New package historic step to ensure value-added, export-oriented production
The new $30 billion financing package will be provided for raw material, intermediate goods, machinery and agriculture.

Turkey's new TL 30 billion financial package takes aim at import-dependent sectors that yield a trade deficit but have high potential to create jobs and boost value-added production



The Treasury and Finance Ministry announced on Thursday a comprehensive financing package for three areas of economic activity, including the production of raw materials and intermediate goods, machinery and agriculture.

The ministry's primary aim is to introduce this TL 30 billion package, İVME (advanced, productive, indigenous, industry), to take a concrete step toward supporting the passage to export-oriented and high value-added production, one of the most emphasized agenda items in the New Economic Program (NEP). The İVME package also seeks to provide an innovative and important possibility for banks to hedge assets in their balances with the actual consumer price index and the government debt security index.

For the first time, a loan package as large as İVME addressed the targeted policies for Turkey's $46.2 billion of imports per year of raw materials, intermediate goods and machinery sectors. While devising this package, a comprehensive study was conducted to identify 43 key investment areas for which support will be given to decrease the current account deficit. Focusing on specific sectors that have high import dependency, run trade deficits, make high contributions to employment and have high potential for exports, the ministry has taken into effect one of the most concrete policy steps toward the current account deficit issue of the Turkish economy.

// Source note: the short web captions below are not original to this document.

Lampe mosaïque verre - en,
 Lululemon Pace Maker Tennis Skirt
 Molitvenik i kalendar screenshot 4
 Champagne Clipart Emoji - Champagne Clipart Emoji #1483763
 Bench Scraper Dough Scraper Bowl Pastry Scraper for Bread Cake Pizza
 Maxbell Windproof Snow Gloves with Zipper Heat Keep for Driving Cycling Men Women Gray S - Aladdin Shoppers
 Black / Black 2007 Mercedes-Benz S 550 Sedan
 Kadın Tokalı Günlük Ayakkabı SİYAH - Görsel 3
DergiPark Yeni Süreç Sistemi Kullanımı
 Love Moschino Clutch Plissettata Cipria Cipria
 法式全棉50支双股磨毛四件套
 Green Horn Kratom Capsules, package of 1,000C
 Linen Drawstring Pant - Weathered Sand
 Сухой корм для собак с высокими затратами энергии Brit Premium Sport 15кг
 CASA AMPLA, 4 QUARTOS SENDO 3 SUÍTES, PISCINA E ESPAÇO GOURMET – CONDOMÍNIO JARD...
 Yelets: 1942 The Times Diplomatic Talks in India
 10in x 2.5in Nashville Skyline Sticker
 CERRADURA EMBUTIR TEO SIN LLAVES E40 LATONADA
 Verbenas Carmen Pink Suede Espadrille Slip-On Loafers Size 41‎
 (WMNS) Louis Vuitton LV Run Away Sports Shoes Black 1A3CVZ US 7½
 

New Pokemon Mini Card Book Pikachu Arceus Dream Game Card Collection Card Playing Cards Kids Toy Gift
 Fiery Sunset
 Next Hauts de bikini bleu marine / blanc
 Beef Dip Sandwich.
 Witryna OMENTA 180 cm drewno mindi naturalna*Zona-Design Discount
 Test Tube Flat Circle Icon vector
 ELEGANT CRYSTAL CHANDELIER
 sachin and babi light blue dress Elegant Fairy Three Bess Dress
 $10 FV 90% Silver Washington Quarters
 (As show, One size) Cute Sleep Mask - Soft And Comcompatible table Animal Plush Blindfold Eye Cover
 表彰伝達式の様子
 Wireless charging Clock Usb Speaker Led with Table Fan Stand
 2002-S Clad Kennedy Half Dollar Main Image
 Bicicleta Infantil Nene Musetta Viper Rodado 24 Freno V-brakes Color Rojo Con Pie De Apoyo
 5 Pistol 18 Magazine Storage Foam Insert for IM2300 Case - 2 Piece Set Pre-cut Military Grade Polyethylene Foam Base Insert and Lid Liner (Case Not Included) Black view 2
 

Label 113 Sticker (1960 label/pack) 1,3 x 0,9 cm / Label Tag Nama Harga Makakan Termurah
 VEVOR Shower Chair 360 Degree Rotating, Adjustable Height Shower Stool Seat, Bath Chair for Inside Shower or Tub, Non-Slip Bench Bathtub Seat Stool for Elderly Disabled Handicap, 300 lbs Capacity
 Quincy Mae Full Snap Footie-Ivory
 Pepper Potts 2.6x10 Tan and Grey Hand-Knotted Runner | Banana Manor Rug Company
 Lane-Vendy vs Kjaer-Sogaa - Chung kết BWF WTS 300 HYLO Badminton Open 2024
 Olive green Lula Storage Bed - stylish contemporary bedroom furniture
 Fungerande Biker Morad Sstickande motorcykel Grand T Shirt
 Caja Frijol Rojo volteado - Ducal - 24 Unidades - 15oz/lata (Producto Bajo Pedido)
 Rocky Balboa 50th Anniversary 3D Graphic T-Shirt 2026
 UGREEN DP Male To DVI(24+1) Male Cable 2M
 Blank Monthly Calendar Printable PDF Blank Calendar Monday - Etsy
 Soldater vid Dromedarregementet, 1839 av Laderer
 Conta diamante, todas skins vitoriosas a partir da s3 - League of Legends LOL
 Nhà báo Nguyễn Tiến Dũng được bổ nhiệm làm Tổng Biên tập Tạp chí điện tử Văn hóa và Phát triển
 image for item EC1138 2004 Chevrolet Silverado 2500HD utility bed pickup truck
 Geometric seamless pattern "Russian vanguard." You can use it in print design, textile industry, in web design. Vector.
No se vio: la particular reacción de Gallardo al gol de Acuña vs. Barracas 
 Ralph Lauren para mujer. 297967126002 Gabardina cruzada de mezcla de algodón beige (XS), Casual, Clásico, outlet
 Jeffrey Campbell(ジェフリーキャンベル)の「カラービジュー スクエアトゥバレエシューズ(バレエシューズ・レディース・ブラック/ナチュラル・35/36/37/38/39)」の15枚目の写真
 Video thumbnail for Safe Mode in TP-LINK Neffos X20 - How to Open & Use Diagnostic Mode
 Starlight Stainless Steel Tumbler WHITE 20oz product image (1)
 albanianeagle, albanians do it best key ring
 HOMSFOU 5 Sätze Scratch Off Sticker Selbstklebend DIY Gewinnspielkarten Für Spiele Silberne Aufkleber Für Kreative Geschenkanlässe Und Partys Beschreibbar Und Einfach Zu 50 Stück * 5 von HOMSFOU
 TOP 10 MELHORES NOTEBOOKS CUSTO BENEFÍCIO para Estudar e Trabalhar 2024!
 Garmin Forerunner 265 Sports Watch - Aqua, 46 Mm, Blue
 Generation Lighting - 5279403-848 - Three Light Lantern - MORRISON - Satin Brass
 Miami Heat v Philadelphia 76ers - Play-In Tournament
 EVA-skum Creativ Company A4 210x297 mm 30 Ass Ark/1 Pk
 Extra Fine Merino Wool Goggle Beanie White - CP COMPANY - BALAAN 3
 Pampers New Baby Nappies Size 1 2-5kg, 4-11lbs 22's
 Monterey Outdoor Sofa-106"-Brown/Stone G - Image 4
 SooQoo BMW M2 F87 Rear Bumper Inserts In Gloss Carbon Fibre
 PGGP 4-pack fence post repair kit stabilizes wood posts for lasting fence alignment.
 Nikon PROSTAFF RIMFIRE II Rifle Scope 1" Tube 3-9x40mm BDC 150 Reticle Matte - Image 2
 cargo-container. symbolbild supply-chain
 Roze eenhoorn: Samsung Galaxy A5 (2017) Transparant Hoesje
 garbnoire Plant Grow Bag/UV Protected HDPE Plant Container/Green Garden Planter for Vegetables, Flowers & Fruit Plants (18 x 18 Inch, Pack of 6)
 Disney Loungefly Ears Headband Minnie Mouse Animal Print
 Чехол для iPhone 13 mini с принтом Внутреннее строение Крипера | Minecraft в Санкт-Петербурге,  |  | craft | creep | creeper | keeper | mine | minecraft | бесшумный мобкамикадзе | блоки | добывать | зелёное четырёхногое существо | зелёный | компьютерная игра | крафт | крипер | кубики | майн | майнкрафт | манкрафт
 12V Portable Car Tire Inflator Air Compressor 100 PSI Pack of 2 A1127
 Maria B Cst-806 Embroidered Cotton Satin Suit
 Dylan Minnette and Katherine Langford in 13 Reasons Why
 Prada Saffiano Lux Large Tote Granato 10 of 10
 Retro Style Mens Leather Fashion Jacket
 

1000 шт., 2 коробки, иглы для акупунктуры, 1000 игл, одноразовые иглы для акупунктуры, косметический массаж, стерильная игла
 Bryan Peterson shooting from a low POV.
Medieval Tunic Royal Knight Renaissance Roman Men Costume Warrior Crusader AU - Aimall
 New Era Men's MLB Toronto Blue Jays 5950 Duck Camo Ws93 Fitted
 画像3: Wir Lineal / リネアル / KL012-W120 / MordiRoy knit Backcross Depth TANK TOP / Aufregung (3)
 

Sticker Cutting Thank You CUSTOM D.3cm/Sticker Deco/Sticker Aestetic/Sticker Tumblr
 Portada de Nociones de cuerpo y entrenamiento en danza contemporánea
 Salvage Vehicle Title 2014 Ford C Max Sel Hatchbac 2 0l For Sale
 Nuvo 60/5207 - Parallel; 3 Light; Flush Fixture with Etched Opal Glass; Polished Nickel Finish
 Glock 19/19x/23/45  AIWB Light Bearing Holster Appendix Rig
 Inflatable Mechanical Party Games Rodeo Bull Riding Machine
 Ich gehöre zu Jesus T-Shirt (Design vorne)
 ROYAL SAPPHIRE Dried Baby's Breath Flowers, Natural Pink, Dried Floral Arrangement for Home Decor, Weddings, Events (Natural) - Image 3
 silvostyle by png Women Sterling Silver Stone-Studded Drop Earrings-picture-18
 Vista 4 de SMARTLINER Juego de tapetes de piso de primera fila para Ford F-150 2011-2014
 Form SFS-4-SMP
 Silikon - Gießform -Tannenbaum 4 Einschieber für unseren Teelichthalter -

Support to boost the operationally of the Turkish economy will not only be provided for investments, but also will be given to companies in 43 different business areas. The package aims to activate capacities that are inactive or below potential.

An investment loan of up to TL 150 million would be provided for the production of raw materials and intermediate goods for a maximum of 10 years with a principal repayment of up to two years. Furthermore, a business loan of up to TL 30 million would be granted for a maximum of five years with a principal repayment of up to one year.

Inflation and government securities indexed loans p​rovide more advantageous conditions and promises for business activities when finance opportunities and conditions have become tougher. In his presentation on Thursday, Treasury and Finance Minister Berat Albayrak emphasized that the İVME loan package will contribute to decreasing the current account deficit of Turkey.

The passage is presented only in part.